### Task goal:
Restate word for word the entries below, starting with the line with "2023 GMC Savana Passenger LS" and continuing through the line with "120PCS Brightness Adjustable". Include both of those lines and no others.

(Collected data entries)

↓↓↓

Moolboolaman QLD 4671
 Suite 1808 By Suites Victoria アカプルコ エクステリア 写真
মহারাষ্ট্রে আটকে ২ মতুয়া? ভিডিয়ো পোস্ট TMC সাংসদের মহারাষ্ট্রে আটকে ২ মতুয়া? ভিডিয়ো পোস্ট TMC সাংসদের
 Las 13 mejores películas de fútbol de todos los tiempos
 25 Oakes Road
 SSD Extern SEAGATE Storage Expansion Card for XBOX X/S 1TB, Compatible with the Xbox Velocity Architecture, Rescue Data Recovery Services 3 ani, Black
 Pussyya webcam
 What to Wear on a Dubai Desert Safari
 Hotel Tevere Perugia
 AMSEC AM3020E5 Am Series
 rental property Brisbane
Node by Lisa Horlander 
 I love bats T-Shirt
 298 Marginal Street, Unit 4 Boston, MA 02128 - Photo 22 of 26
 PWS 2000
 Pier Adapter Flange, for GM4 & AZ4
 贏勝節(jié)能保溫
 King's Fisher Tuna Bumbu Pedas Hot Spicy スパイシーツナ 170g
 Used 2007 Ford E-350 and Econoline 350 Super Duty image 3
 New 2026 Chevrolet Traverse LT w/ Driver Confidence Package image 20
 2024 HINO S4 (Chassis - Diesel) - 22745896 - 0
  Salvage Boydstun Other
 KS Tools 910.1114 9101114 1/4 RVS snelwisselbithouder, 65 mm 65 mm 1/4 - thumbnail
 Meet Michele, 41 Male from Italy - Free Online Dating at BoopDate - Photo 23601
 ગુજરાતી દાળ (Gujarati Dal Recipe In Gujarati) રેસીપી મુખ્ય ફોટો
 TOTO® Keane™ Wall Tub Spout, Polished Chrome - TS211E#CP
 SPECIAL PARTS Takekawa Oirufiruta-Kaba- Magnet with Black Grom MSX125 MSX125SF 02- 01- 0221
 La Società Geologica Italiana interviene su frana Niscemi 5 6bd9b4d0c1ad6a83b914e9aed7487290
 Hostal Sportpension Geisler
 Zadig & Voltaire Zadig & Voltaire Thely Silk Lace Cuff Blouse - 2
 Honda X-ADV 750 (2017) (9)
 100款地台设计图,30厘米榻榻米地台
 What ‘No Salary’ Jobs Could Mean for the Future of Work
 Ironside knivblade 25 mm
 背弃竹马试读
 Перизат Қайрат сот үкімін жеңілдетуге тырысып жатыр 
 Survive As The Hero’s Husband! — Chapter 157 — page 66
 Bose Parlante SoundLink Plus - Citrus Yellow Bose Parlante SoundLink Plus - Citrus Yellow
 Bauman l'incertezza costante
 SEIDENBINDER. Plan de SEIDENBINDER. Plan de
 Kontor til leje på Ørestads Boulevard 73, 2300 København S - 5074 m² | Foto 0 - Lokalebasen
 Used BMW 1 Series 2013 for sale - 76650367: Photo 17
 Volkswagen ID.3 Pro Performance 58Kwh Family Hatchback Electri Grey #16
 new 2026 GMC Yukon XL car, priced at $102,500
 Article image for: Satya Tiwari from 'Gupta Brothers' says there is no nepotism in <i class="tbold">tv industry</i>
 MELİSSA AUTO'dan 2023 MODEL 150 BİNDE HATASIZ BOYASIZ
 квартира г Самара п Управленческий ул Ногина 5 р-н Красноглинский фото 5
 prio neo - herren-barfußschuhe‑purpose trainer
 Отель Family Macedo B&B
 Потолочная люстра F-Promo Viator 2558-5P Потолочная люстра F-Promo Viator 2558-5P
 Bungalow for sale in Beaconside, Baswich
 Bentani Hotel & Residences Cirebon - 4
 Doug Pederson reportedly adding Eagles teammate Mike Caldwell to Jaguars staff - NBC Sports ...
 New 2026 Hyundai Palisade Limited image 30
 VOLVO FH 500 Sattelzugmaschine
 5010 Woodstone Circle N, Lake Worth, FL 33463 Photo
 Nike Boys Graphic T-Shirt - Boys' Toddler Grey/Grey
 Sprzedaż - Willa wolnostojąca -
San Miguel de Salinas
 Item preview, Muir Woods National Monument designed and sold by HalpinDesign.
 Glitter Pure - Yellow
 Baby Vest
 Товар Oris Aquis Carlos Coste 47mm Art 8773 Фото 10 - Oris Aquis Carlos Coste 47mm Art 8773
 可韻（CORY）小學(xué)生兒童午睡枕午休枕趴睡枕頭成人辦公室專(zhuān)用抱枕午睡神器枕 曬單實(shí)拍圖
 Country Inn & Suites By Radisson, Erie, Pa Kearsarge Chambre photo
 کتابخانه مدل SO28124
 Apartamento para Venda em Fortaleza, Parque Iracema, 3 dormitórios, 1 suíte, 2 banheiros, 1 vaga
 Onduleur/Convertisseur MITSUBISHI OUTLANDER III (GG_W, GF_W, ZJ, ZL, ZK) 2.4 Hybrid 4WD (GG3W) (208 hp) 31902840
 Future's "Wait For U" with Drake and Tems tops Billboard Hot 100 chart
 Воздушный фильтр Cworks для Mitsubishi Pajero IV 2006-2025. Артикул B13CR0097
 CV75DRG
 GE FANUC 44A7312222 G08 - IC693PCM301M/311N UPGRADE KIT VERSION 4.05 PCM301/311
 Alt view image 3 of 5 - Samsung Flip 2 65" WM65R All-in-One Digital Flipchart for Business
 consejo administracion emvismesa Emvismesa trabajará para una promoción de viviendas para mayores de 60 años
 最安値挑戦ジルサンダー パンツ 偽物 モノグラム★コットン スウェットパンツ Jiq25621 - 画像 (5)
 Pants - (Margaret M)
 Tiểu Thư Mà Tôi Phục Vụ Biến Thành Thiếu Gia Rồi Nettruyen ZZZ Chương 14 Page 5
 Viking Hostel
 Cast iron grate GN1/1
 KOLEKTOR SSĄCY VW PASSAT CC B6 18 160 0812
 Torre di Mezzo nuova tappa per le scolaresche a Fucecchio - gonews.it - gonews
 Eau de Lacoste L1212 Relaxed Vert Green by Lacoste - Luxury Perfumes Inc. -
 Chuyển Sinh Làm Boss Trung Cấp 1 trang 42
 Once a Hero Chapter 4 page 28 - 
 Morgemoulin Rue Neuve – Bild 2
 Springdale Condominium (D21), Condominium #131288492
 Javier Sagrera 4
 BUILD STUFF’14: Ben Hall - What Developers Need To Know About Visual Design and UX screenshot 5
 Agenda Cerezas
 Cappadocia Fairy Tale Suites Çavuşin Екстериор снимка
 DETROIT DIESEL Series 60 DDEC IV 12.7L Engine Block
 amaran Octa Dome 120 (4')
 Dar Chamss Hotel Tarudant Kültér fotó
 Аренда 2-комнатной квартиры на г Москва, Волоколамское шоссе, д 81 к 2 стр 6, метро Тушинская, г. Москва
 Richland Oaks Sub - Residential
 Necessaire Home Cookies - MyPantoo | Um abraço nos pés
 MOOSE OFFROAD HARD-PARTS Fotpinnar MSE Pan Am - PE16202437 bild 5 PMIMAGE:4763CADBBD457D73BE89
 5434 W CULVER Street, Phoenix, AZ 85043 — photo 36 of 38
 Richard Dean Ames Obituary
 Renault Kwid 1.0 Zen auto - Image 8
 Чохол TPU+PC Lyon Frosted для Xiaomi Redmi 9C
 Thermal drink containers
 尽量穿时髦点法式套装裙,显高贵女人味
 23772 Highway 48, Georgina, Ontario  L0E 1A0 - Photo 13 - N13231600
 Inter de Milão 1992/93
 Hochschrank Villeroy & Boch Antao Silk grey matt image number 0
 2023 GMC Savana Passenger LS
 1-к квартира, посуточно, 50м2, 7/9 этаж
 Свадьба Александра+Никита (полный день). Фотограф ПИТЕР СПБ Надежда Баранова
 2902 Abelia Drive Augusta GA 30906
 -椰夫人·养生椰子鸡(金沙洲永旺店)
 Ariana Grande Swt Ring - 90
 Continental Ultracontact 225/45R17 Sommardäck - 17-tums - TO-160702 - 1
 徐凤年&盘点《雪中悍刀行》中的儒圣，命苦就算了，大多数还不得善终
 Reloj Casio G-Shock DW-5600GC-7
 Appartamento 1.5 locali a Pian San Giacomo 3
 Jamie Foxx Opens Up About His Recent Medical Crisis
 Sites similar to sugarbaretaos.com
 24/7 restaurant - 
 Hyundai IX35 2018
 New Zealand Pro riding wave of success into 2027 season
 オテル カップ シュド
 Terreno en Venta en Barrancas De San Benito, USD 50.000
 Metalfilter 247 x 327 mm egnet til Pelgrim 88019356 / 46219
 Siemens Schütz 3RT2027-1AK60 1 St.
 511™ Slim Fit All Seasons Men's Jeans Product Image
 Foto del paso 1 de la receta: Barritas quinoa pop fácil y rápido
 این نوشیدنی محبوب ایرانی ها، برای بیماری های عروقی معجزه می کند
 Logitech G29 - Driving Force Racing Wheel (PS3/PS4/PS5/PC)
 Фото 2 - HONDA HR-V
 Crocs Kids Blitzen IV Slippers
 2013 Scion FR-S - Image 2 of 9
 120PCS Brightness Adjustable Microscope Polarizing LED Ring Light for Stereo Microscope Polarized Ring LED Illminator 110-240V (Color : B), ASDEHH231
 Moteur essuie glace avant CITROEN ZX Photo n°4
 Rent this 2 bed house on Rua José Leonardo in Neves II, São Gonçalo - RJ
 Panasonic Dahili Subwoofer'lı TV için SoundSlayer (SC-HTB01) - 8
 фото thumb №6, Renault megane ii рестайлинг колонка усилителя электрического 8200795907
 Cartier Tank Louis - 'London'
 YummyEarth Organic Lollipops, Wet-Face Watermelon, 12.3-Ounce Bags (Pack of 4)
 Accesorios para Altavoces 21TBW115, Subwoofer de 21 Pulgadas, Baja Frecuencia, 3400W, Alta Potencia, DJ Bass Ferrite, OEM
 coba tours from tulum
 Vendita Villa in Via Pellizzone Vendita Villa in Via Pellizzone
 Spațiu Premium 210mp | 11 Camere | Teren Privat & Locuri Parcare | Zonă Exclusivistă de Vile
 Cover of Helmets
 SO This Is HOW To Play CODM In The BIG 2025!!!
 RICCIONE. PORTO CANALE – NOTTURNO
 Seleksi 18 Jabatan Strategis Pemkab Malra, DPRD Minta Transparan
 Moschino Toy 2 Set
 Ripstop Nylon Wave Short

↑↑↑

### Written reply:
 2023 GMC Savana Passenger LS
 1-к квартира, посуточно, 50м2, 7/9 этаж
 Свадьба Александра+Никита (полный день). Фотограф ПИТЕР СПБ Надежда Баранова
 2902 Abelia Drive Augusta GA 30906
 -椰夫人·养生椰子鸡(金沙洲永旺店)
 Ariana Grande Swt Ring - 90
 Continental Ultracontact 225/45R17 Sommardäck - 17-tums - TO-160702 - 1
 徐凤年&盘点《雪中悍刀行》中的儒圣，命苦就算了，大多数还不得善终
 Reloj Casio G-Shock DW-5600GC-7
 Appartamento 1.5 locali a Pian San Giacomo 3
 Jamie Foxx Opens Up About His Recent Medical Crisis
 Sites similar to sugarbaretaos.com
 24/7 restaurant - 
 Hyundai IX35 2018
 New Zealand Pro riding wave of success into 2027 season
 オテル カップ シュド
 Terreno en Venta en Barrancas De San Benito, USD 50.000
 Metalfilter 247 x 327 mm egnet til Pelgrim 88019356 / 46219
 Siemens Schütz 3RT2027-1AK60 1 St.
 511™ Slim Fit All Seasons Men's Jeans Product Image
 Foto del paso 1 de la receta: Barritas quinoa pop fácil y rápido
 این نوشیدنی محبوب ایرانی ها، برای بیماری های عروقی معجزه می کند
 Logitech G29 - Driving Force Racing Wheel (PS3/PS4/PS5/PC)
 Фото 2 - HONDA HR-V
 Crocs Kids Blitzen IV Slippers
 2013 Scion FR-S - Image 2 of 9
 120PCS Brightness Adjustable Microscope Polarizing LED Ring Light for Stereo Microscope Polarized Ring LED Illminator 110-240V (Color : B), ASDEHH231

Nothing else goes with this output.